On 14 December 2021, the Belarusian Parliament approved a bill recognizing the genocide of Belarusian people by the Nazis.

During World War II, the Nazis carried out 140 punitive operations throughout Belarus, razing over 200 towns and 9,000 villages. They set up 250 concentration camps for captured Soviet soldiers and 350 for civilians. 206,500 people perished in the largest of these camps alone. Overall, a third of the population at the time was killed by the Nazis (2.5 to 3 million people).

The victims comprised Belorusians as well as Jews, Russians, Tatars and Ukrainians. The Nazi plan was to Germanize this Lebensraum, or “living space”, by introducing Aryans and regarding the local populations as “wild Indians”.
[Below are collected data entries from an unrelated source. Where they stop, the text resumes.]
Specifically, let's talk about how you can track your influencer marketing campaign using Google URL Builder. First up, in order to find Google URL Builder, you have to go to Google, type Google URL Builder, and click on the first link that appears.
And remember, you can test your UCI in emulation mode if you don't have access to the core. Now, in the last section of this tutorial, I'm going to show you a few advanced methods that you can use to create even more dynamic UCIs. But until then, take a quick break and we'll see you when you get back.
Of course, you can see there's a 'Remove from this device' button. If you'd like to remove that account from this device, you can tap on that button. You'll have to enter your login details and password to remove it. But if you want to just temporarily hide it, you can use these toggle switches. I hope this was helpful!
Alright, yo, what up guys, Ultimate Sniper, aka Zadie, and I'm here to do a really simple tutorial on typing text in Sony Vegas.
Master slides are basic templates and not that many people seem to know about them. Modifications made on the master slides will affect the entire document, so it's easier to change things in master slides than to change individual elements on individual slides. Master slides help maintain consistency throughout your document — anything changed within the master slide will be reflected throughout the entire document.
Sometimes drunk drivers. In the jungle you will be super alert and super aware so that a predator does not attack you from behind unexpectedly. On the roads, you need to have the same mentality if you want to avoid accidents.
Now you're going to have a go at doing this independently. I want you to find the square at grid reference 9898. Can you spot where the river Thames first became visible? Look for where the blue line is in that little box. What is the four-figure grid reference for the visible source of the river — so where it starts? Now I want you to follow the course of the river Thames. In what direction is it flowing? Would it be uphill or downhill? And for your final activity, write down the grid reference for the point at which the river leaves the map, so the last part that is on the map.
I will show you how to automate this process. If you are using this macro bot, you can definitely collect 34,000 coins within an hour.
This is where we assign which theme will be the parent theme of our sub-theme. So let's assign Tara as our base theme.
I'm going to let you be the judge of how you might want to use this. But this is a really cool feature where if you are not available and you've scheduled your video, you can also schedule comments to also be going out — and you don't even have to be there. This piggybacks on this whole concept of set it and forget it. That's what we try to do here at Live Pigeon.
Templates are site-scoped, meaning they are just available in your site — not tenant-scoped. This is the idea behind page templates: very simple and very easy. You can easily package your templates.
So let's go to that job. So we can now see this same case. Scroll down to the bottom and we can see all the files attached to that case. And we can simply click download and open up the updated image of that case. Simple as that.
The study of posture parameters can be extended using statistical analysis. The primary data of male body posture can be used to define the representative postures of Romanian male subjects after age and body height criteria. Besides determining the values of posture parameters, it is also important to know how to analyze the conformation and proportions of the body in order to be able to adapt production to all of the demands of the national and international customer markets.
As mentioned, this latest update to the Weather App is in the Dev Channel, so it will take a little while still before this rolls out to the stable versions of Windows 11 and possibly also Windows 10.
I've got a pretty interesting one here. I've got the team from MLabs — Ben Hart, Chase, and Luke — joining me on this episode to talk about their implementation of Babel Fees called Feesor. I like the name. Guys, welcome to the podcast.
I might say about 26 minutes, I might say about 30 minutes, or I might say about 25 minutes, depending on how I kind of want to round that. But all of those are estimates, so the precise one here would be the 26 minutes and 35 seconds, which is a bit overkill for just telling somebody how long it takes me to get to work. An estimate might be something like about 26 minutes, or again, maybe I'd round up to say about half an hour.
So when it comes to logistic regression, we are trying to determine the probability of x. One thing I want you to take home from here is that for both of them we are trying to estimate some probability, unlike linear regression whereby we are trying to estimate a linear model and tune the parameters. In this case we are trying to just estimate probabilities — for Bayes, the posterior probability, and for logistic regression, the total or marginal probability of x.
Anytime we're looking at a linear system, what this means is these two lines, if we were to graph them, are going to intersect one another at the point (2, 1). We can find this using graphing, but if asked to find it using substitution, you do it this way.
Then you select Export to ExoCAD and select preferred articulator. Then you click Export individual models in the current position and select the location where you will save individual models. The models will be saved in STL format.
Several Israeli figures immediately objected to the recognition, considering that the Belarusians were killed for belonging to the resistance and that only the Jews were victims of a planned extermination. They are unfamiliar with the history of the Second World War in Eastern Europe and confound it with the Western European experience.

In Belarus, unlike Western Europe, the objective was not to target the Jews as such and to spare the rest of the population, but to kill indiscriminately all those who got in the way of the plan. In Mein Kampf, Adolf Hitler does not announce his intention to eliminate the Jews living in the West, but quite clearly to exterminate a large part of the East Slavic populations located in what he considers to be a "living space" for the Aryans.

This law is the first response to European Parliament resolutions and to Baltic and Ukrainian laws mixing Nazi and Soviet crimes.